In the classroom, the big idea need not be inferred from the elements of fiction, but may be explicitly stated in advance.  The classroom then is the laboratory that tests out and debates the idea through a series of instances--fictional and non-fictional--presented by both teacher and students.  Ultimately the learning community uses its experiences to examine "the big idea" itself and how it shapes perceptions, events, and artifacts.  While students become Socratic, they also become structural engineers who examine how various events and artifacts in their environments are built on implicit ideas and are, therefore, able to strategically choose the degree of implicitness or explicitness of  "the big idea" in their own work.  If they are fast enough.  Whether or not they can keep up, students and teachers learn the value of time, and how one thing cannot quite be resolved before the next must take its place, as in "We only have 3 days for this."  The possible learning is profound, but the pace undermines the progress.  Those sensitive to what they are not quite grasping can become quite defensive, irritated, angry, squashed, rebellious.  Is this what the Financial Times author is ultimately noticing?  What's the big idea of living like this?  Is this breakdownof community the real big idea?

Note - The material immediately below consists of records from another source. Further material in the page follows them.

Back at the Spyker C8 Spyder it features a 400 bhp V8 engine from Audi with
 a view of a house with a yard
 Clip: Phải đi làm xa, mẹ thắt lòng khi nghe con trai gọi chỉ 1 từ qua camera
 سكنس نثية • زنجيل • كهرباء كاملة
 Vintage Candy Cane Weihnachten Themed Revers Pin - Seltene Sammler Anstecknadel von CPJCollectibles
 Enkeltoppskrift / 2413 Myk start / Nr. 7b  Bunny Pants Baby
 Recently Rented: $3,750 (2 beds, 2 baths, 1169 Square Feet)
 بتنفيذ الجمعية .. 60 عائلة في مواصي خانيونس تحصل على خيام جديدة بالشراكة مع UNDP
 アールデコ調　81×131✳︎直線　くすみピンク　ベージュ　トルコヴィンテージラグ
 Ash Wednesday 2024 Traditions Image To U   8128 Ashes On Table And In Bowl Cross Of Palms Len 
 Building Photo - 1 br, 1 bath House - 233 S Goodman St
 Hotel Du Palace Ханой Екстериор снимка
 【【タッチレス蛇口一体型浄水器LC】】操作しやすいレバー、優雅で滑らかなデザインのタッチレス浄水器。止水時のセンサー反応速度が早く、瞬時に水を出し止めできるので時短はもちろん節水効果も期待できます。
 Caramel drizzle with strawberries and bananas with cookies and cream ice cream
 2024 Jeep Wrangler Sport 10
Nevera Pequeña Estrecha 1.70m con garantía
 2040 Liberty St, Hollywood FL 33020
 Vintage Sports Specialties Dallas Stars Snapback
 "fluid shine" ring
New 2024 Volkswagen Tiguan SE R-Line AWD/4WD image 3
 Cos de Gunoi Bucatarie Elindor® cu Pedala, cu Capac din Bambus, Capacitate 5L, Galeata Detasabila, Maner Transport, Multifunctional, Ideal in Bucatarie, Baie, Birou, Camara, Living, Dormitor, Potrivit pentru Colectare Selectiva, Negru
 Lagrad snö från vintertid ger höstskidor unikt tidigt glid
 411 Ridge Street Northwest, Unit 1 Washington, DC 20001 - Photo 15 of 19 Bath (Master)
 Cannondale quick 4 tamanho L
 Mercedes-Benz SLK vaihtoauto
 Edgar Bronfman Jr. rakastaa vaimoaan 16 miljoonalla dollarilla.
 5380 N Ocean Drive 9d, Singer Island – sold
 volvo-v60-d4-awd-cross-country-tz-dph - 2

 I believe that the big ideas are not sacrificed to plot, but changing into plot.  The big ideas are pressured by space and time into the action of questioning itself.  Back to "Dubito, ergo sum"?  Not quite. This seems an intermediate stage before those who are unwillingly unemployed take back "the big" question, those who are squeezed out of the Picture of Progress in Industry, Faith, and Knowledge  make themselves heard.  Will this be through the fictional form?  Not yet, or not evidently.  

When I read those luscious novels of yore and even later ones like Animal Farm and 1984, I had the time.  Now at the later end of life, I have time to read again and also to write.  Publishing, however--on paper and in binding--takes resources and time.  The internet is less expensive and travels faster. Maybe, then, the next type of philosophical novel is already up there twittering around the world in instant translation or in pictures of the quietly growing Occupy Movement or on Face Book or everywhere.  If we are among the romantic who are longing to hold the magnificent philosophical novel in our hands and our hours, it is possible that we will, like Miniver Cheevy, miss it.

2 comments:

Anonymous said...

Almost universally hailed today as an intellectual visionary and transformative political leader, Vaclav Havel actually struggled to live up to both of those expectations, an essay in honor of the man appearing in The Nation reminds us. He was something of a reluctant crusader, and took an approach rather nearer to postmodernism, preferring to critique “automation” by inverting maxims, dissecting social situations, and showing the absurdity of totalizing state power. His approach
to philosophy came not out out of one easily-identifiable school but was more eclectiC:
“I approach philosophy somewhat the way we approach art,” Havel once confessed. Despite his lack of method, he took a reading of Heidegger and a handful of homegrown metaphors and set forth in his writing powerful ideas about politics, truth and human nature. Havel believed that under communism and capitalism, people are threatened by what he described in his 1984 essay “Politics and Conscience” as “the irrational momentum of anonymous, impersonal, and inhuman power—the power of ideologies, systems, apparat, bureaucracy, artificial languages, and political slogans.”
http://www.thenation.com/article/166949/havels-specter-vaclav-havel

Susan said...

After saying that, how could you remain anonymous?